Eight of the approximately 2,000 children separated from their parents at the U.S.-Mexico border as part of a controversial immigration policy are staying in a federally approved shelter on Long Island, the head of a Catholic human services agency said Monday.
The children have been under the care of Syosset-based MercyFirst for about a month, said Gerard McCaffery, president and CEO. It is the only agency on Long Island with a contract with the federal government to receive the children, whose parents have been detained after crossing the border illegally, he said.
They range in age from 6 to 12 and are from Central American nations including Guatemala, El Salvador and Honduras, McCaffery said. They are staying in one of MercyFirst’s group homes on Long Island and attending school at the organization’s main campus in Syosset, he said.
The boys and girls have shown signs of the emotional impact of being separated from their parents, he said.
“Kids are very resilient but it doesn’t take much for a kid to start crying and miss his mom,” McCaffery said.

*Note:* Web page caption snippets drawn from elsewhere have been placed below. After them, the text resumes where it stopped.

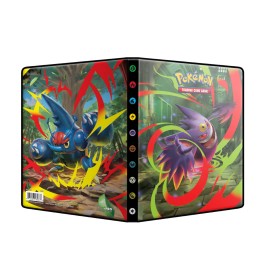 Ultra PRO Pokémon Mega Evolution Phantasmal Flames 4-Pocket Portfolio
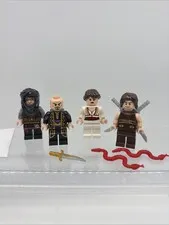 Lego Prince of Persia - SET 7572 MINIFIGS ONLY with Weapons & Capes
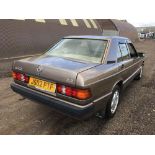 MERCEDES 190D DIESEL AUTO - 2497cc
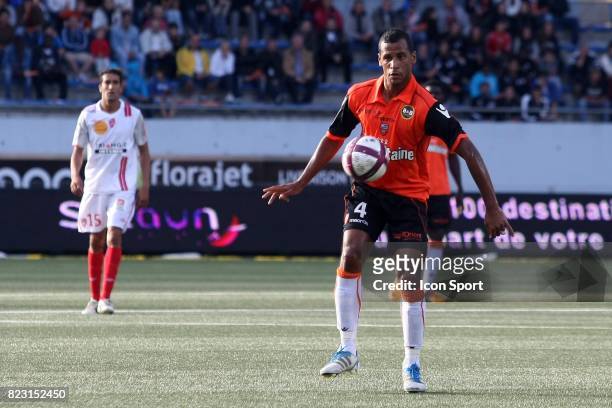 Alaixys ROMAO - - Lorient / Nancy - 4eme journee de Ligue 1 -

MercyFirst, which cares for children who have been in foster care or have come from troubled families, received the Central American children under a contract with the U.S. Office of Refugee Resettlement.
The children were not sent to Long Island because they necessarily have family connections here, McCaffery said. Rather, they were sent because MercyFirst had available beds, he said.
The Trump administration’s “zero-tolerance” policy on immigrants entering the country illegally started about two months ago but has received widespread attention in the past week. Agents separate children from their parents after they cross the border together and are detained. In the past, families typically would be kept together as their cases were processed through the immigration system.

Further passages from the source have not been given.